State unemployment rate dips from last year
Jobs gains are small but widespread
By JOEL DRESANG
jdresang@journalsentinel.com
Posted: March 29, 2006
All 12 of Wisconsin's metropolitan areas and 55 of the 72 counties posted lower unemployment rates last month than they had in February 2005, the Wisconsin Department of Workforce Development reported Wednesday.
Unemployment in the four-county Milwaukee area hit 5.6% in February, down from 5.7% the year before, as the labor market seems to be settling into a groove after more dramatic improvements just after the 2001 recession.
"Just as recoveries run their course, you can't keep making the big gains over and over," said Bret Mayborne, economic research director at the Metropolitan Milwaukee Association of Commerce.

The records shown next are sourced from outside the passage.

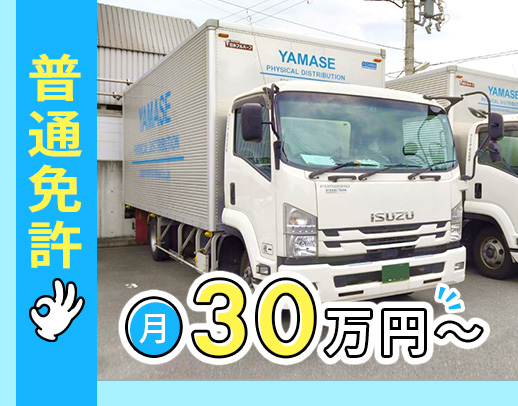 月給30万円～◎配送未経験OK！運転しやすい小型トラック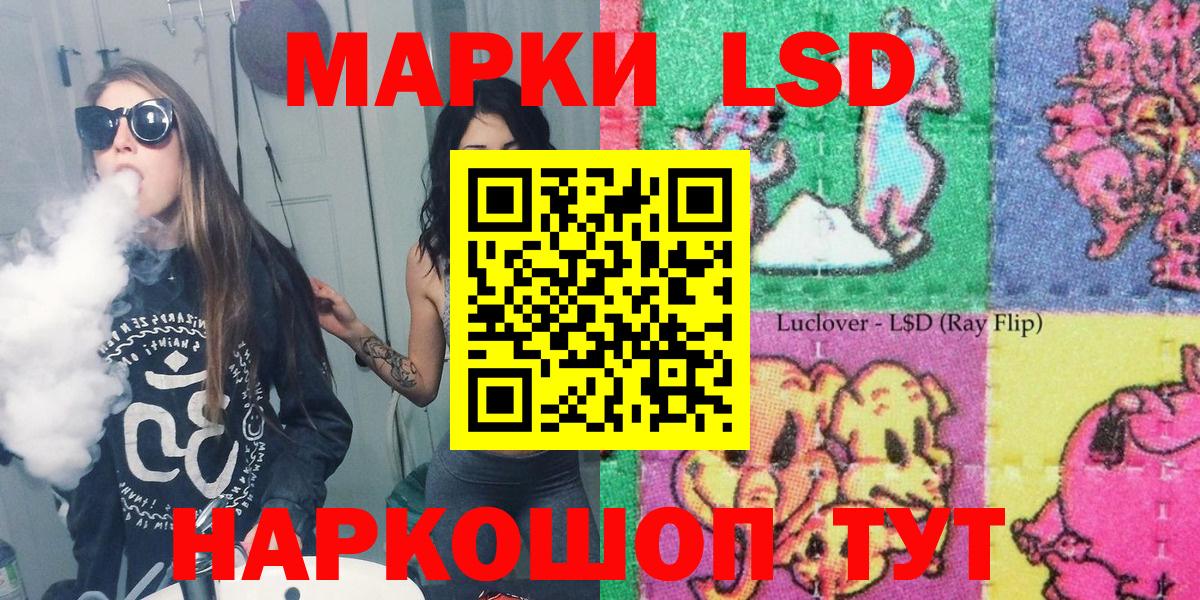 Наркотические марки 1,5мг  Вход с VPN  Марки N-bome  Санкт-Петербург 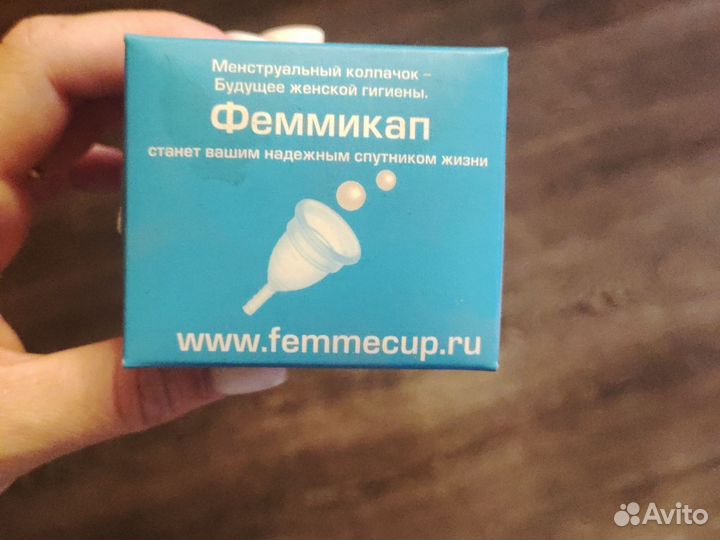 Менструальная чаша феммикап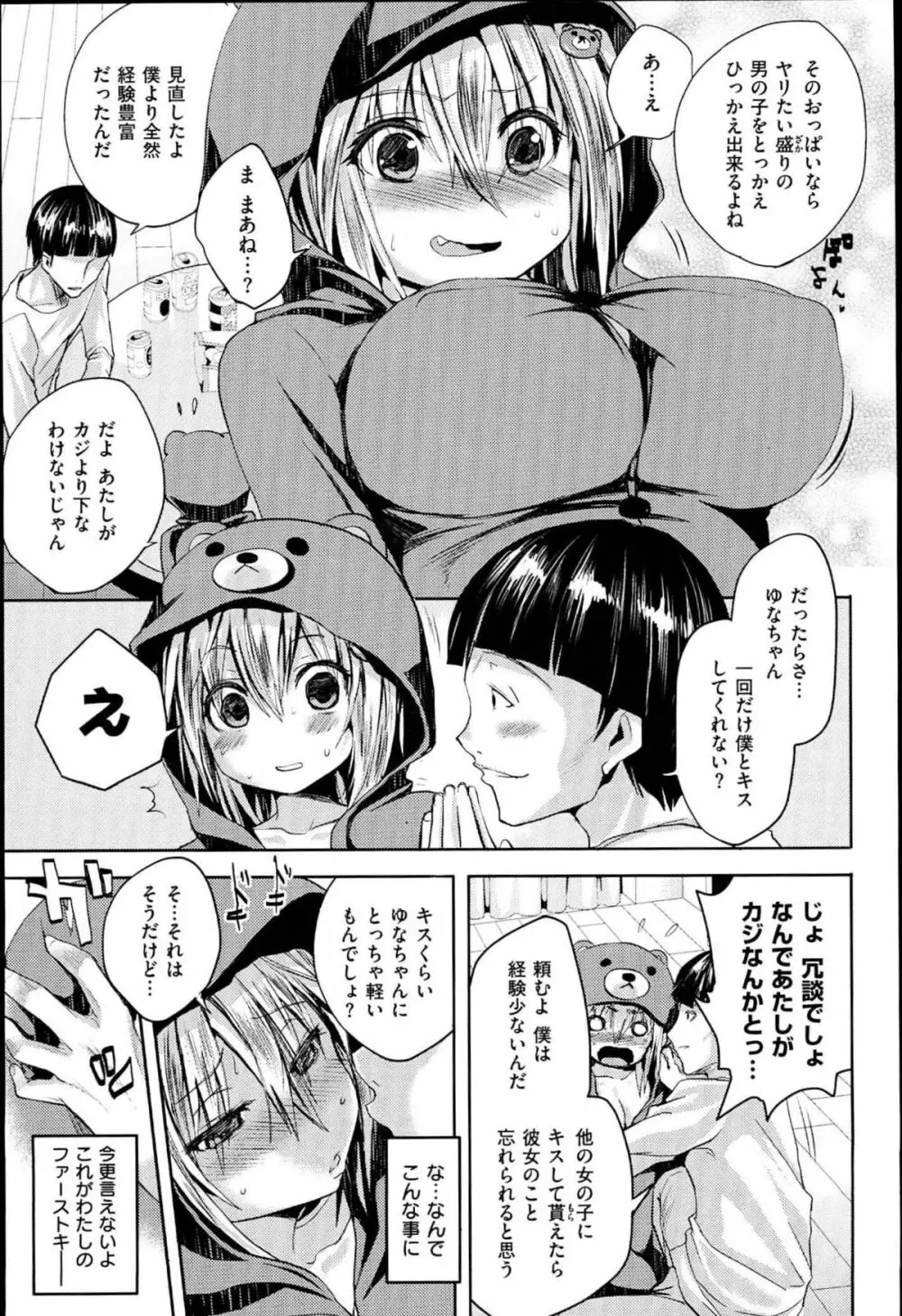 ちちびっち 104ページ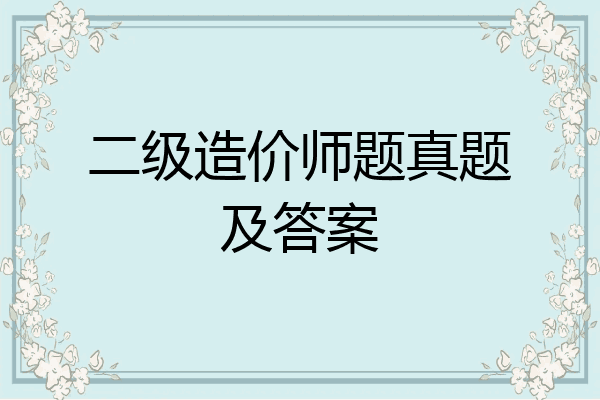 二级造价师题真题及答案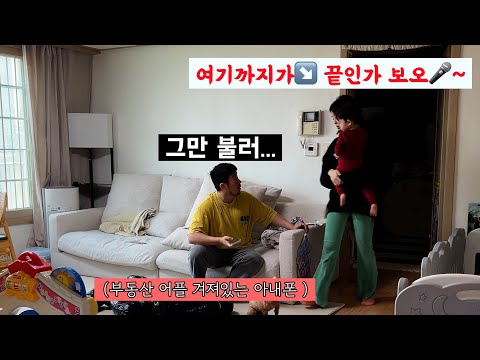 남편의 실수 이후 아내가 자꾸 이별을 암시하는 노래를 부른다면?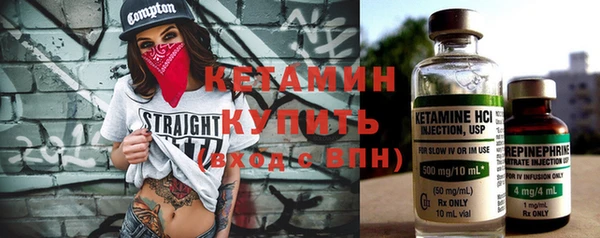 синтетический гашиш Балабаново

Statewide, over the last 12 months, the unemployment rate - the portion of the labor force looking but unable to find work - moved to 5.7% from 5.9%.
Preliminary data based on household surveys suggest that among the 12 metro areas, only Janesville (5.9%) and Racine (6.7%) exceeded the state rate.
Estimates from payroll data show the state gaining a net increase of almost 42,000 jobs in the last year. The Milwaukee area also was the only metropolis to have a net loss of jobs from the year before, falling 7,500 jobs.
Jeff Sachse, a state labor economist based in Pewaukee, pointed to dips in retail employment and professional and business services as the chief culprits in the Milwaukee area job loss.
"Everything else looks to be fairly stable," Sachse said.
Retailers dropped 4,200 positions from February 2005, a decline that Sachse said might be a factor of the timing of when stores took holiday workers off their payrolls.
A slight move away from temporary workers could account for some of the 3,600 fewer business service jobs since February 2005. As employers feel more secure about the work force levels they can maintain, they're likely to look more for permanent hires, Mayborne said.
"The temporary market has certainly shifted," said Joel Buffington, vice president at Elite Human Capital Group, a professional recruiting and staffing agency in Brookfield.
From when the firm started three years ago, more jobseekers are not unemployed but looking for better positions, Buffington said.
"The market is still pretty vibrant in terms of employees looking for work," Buffington said. And though he doesn't see employers getting any less choosy about whom they hire, he suggested that jobseekers can be more demanding.
"Today, to find somebody who's good - who has the qualifications and doesn't have any of the personality flaws - those people are hard to find," Buffington said.